Los futuros manjares son colocados meticulosamente en el fuego, esparciendo las ascuas de forma uniforme, como si se tratase de un jardín de arena. El augusto recinto empieza a llenarse de movimiento, entre el vaivén de los empleados y las incontables labores de logística, que parecen multiplicarse a medida que llega la hora de abrir al público. El llanero se desenvuelve con maestría, y logra cumplir sus labores de jefe, cocinero, administrador y esposo con absoluta pericia. Incluso, se permite el lujo de sentarse a platicar de temas variados y responder las preguntas que se le hagan. Manifiesta que: “El asar carne a la llanera es un arte, no cualquiera lo consigue”.
Al sumergirse en el lugar, Ibagué desaparece. La presencia y el ruido de los autos se hace distante, y es reemplazado por el crujir de los guijarros que cubren el suelo. Las matas de plátano, las mesas en madera, los postes de guadua y los techos de teja son el esqueleto de una estructura que le arrebata un lugar a lo citadino y se lo entrega a lo rural.

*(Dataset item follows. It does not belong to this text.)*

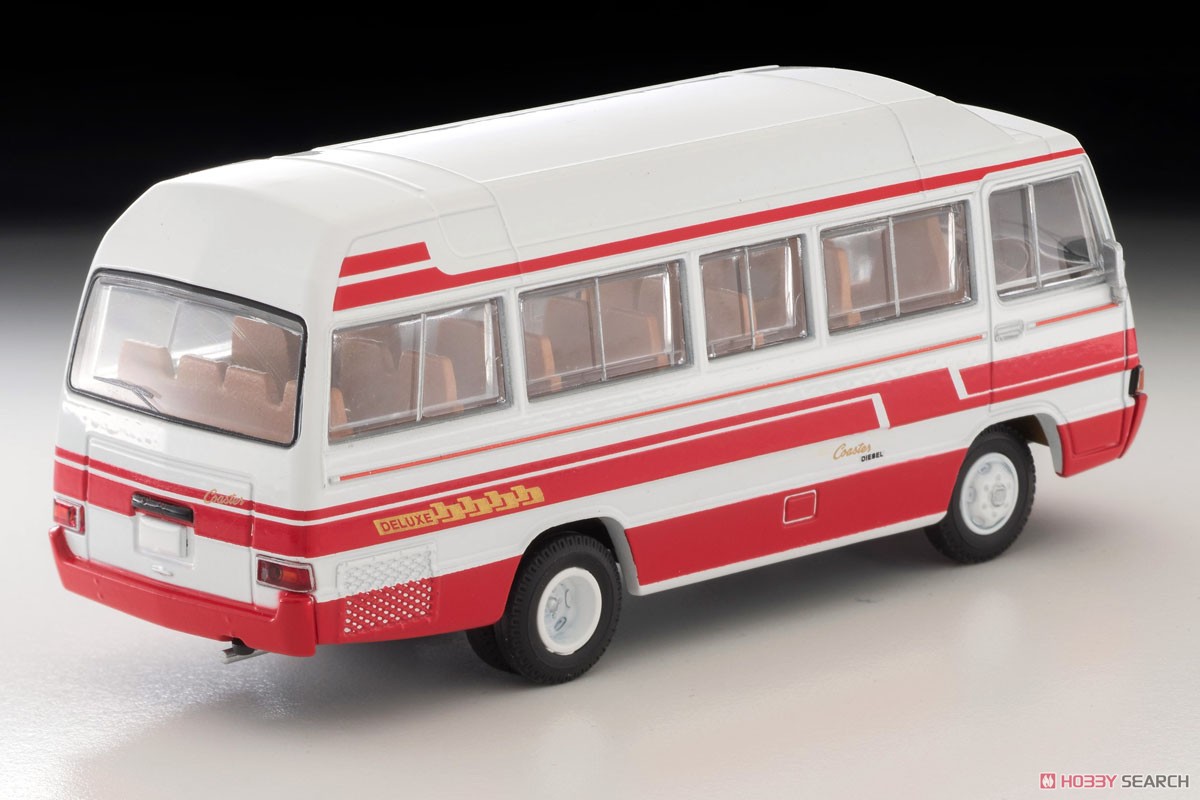 TLV-184b トヨタ コースター ハイルーフ デラックス車 (白/赤) (ミニカー) 商品画像2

Sin embargo, el Diablo está en los detalles. Pues, son las decoraciones, sonidos y la gente del lugar lo que convierten lo mundanal en auténtico. “Poner Vallenato u otra música no sirve, esto es del llano y toca poner música del llano”, se escucha a lo lejos como orden y afirmación. Es entonces cuando entre las plantas del lugar, abonadas con la ceniza de incontables asados, empiezan a bailar al son del viento y de los más sentidos acordes del llano.
Así van transcurriendo las horas, así han de transcurrir los días y así han pasado los años. Aquel remanso de paz y buena comida no era el primer emprendimiento del llanero. Don Miguel, que había llegado a la tierra de los ocobos allá por el año de nuestro Señor del 2002. Ya había abierto otro negocio: “Llano Grande”, mismo que le sirvió de sustento y escuela para aprender a domar a las desconocidas tierras de sangre Pijao.
Pero siempre llega la hora de abrir, de recibir a los clientes con un cálido saludo, música en vivo y con una comida recién hecha. Es eso lo que inspira a la pareja que regenta el restaurante, quienes se dedican a atender cualquier necesidad que les pueda surgir a los comensales; no les importa esperar para poder atiborrarse de un buen pedazo de carne de novilla, una jugosa gallina criolla o, incluso, uno de los bananos que crecen al fondo del restaurante.
Foto de: Juan Sebastián Castellanos Barrios
El Llanero Miguel cuenta con poco más de tres años en su haber. A pesar de su juventud, ha crecido fuerte y berraco. El otrora predio semiabandonado fue arrendado al llanero y transformado pieza a pieza hasta convertirse en lo que es hoy. Hombre y lugar están ligados de forma estrecha, de la misma forma que el atardecer se funde con la llanura al ocaso.